Optimizing the Sieve of Eratosthenes
by
, July 9th, 2012 at 06:29 PM (17163 Views)
The Sieve of Eratosthenes is one of the fastest methods for generating a list of prime numbers less than a given number n. A general description of the algorithm is given below:
1. Initialize a list representing the numbers [2,n). This denotes whether a given number is prime or composite.
2. Start from the beginning of the list. If the number is denoted as prime, save it. Otherwise, move on.
3. For every multiple of the current prime, mark it as a composite number.
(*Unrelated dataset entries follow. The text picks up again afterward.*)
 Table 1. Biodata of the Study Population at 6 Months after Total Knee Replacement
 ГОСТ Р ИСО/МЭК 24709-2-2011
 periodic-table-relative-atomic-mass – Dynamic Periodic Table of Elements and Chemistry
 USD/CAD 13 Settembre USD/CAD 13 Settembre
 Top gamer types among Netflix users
Below is code implementing the Sieve of Eratosthenes as naively as possible:
public static List<Integer> eratosthenes_naive(int n) { boolean[] is_composite = new boolean[n]; List<Integer> results = new ArrayList<Integer>(); for (int i = 2; i < is_composite.length; ++i) { if (!is_composite[i]) { results.add(i); for (int j = i; j < is_composite.length; j += i) { is_composite[j] = true; } } } return results; }
While fairly quick, there are several optimizations which can be made. The first such optimization is to reduce the inner loop's span. It only needs to start from j = i*i because all values smaller have been marked already.
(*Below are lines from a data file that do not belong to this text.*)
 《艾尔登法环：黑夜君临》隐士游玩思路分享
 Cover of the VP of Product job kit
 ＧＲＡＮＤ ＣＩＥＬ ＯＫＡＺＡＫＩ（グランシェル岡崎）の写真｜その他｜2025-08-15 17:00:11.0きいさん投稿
public static List<Integer> eratosthenes_optimized1(int n) { boolean[] is_composite = new boolean[n]; List<Integer> results = new ArrayList<Integer>(); for (int i = 2; i < is_composite.length; ++i) { if (!is_composite[i]) { results.add(i); for (long j = (long) i * i; j < is_composite.length; j += i) { is_composite[(int) j] = true; } } } return results; }
Another optimization that can be made is that the external loop only needs to run for every odd number.
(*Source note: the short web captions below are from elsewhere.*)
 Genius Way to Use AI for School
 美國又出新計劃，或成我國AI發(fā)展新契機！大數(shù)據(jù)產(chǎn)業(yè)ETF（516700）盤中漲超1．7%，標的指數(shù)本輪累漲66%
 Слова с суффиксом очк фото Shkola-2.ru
public static List<Integer> eratosthenes_optimized2(int n) { boolean[] is_composite = new boolean[n]; List<Integer> results = new ArrayList<Integer>(); results.add(2); for (int i = 3; i < is_composite.length; i += 2) { if (!is_composite[i]) { results.add(i); for (long j = (long) i * i; j < is_composite.length; j += i) { is_composite[(int) j] = true; } } } return results; }
A third optimization is to provide an upper bound for the list of prime numbers. An approximation of the upper bound of the prime counting function (the number of primes below a given number n) is 1.25506 * n / ln(n).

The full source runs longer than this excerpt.